In some cases, this is how companies struggling in the large but fiercely competitive domestic market think they can expand overseas.
“We have experience in marketing insurance products, and we hope to export our service with a SaaS model,” said Ouyang Kai, chief technology officer at Huize, a Shenzhen-based insurance broker with products from more than 80 insurers in their platform.
Right now the company offers comparisons on its site, but this year it will build a customer relationship-management (CRM) platform, where agents can manage their entire sales process, from pre-sale marketing to transactions and other post-sale services.
Similarly, Xiaoyusan, another insurance broker with a comparison tool, wants to offer risk management and claims management to insurers, charging a service fee as a complement to its current revenues. “We hope to use technology to remodel the industry,” said Xu Han, founder.
Insurance supermarket in China
China has many ‘insurance supermarkets’ that agents use to provide comparisons for customers. “But these websites are all about selling products,” said Pang Wenjun, CEO of Qibao Tech, a Shenzhen-based company that has already transformed into a SaaS business.
Comparison or supermarket sites have only limited utility, because customers must still go directly to the insurance companies if they want to settle claims. These insurers don’t know these customers, so they require people to go through another round of documentation to ascertain they own a given policy.
These businesses evolved this way before cloud computing became readily available, but now vendor databases can hold all party information, potentially eliminating these extra steps.
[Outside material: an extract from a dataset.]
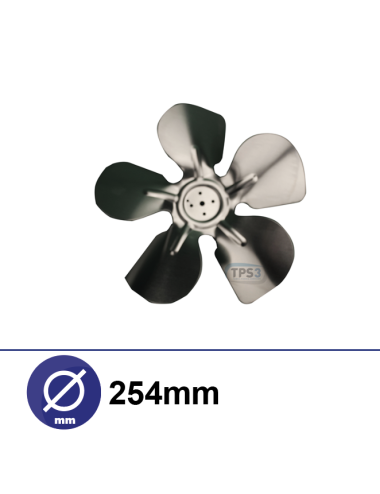 Hélice 5 pales métaliques Ø254 pour ventilateur TPS3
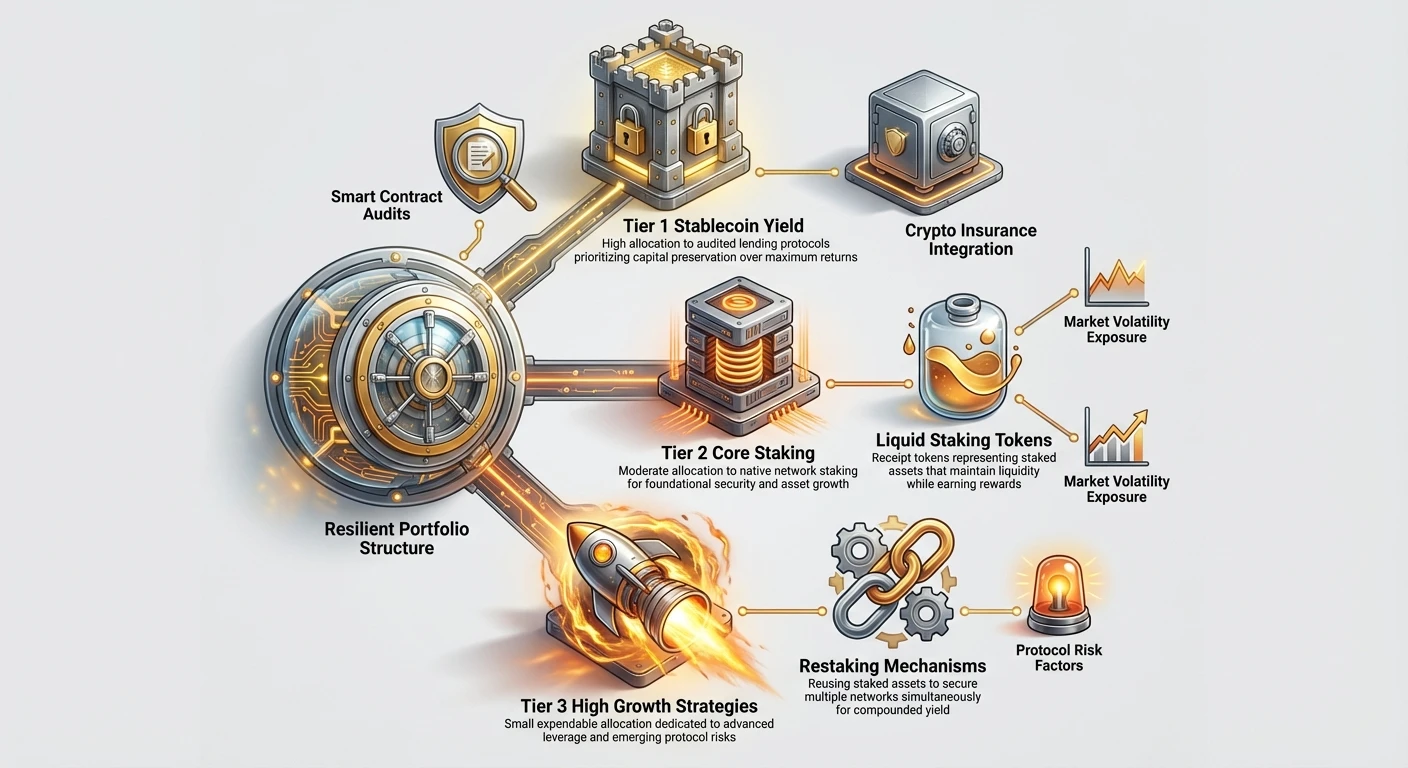 Infographic depicting resilient DeFi portfolio with Tier 1 Stablecoin Yield, Tier 2 Core Staking, Tier 3 High Growth Strategies, plus liquid staking tokens, restaking, audits, insurance, and risk factors.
This is good news for insurance companies and for agents, both of which can simplify their processes and improve the customer experience. Insurers can also use these budding SaaS platforms to share data to improve risk management industry-wide.
We hope to use technology to remodel the industry
“A SaaS platform’s services let all parties communicate,” Pang told DigFin.
The platform requires data
It also heralds a shift among agents from selling products to selling a service, she says. But platforms only work if they have enough customer data, which can help insurers design better products and manage risk.
For example, if a customer is comparing flight-delay insurance on a broker’s comparison site, in China, this could serve as a red flag: normal behavior is to simply pick one and buy it, but multiple purchases could indicate a fraud, says Wei Dan, CEO of Baoxian.com, another Shenzhen-based insurance broker that is building a SaaS-type platform.
“If all insurers just stick to their own data, it would be difficult for them to properly measure the risks,” she said. “Some insurers are even buying customer data.”
As more brokers move to SaaS offerings, they hope to regain pricing power or be able to differentiate themselves, either by tweaking commissions or service fees, says Qibao’s Pang.
And just as Huize is looking to use the technology to break into markets beyond mainland China, Qibao is also looking at Hong Kong. Although Hong Kong has its own comparison providers, including those looking to expand into financial advice and execution, Pang says Chinese firms may have an advantage if they act now: “Mainland brokers develop fast, and the market here accepts fintech.”